╭─ SUPPLIED DATA

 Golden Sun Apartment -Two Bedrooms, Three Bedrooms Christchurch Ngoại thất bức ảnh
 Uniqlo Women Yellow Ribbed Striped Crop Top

╰─
╭─ SUPPLIED DATA

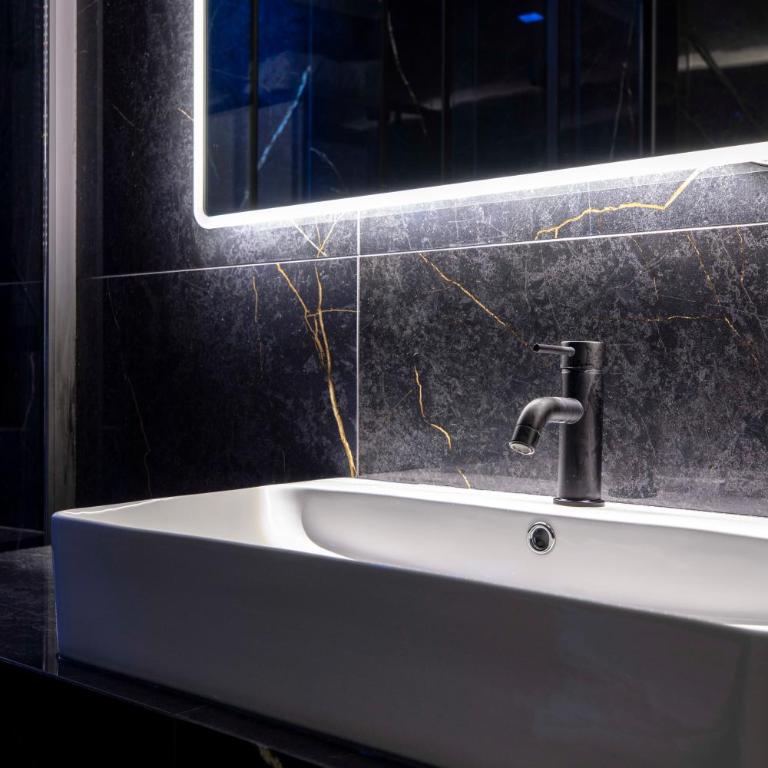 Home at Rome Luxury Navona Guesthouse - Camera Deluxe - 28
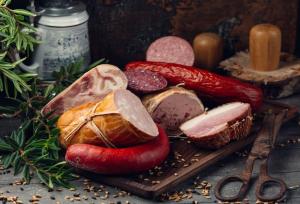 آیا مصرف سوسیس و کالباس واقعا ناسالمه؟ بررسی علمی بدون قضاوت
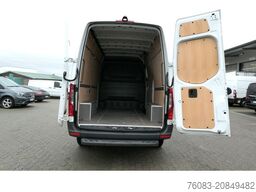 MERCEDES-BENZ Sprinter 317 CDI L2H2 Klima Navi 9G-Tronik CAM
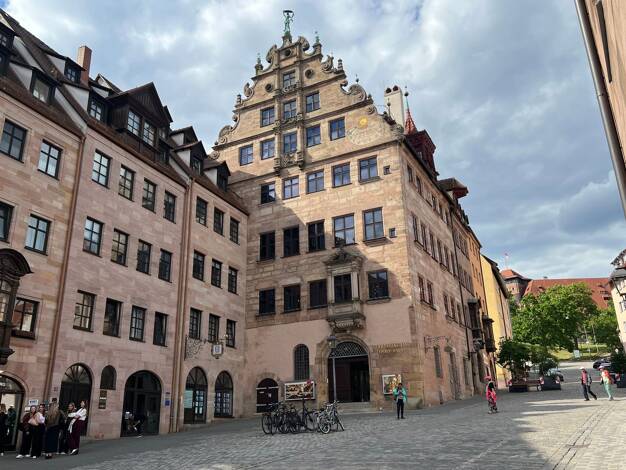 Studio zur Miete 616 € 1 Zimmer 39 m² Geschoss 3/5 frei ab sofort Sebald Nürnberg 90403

╰─

WHAT THIS TASK INVOLVES: Looking back over the data above, restate word for word the lines that begin at the line with "Golden Sun Apartment" and end at the line with "Uniqlo Women Yellow Ribbed Striped Crop Top", inclusive.

ANSWER:
 Golden Sun Apartment -Two Bedrooms, Three Bedrooms Christchurch Ngoại thất bức ảnh
 Uniqlo Women Yellow Ribbed Striped Crop Top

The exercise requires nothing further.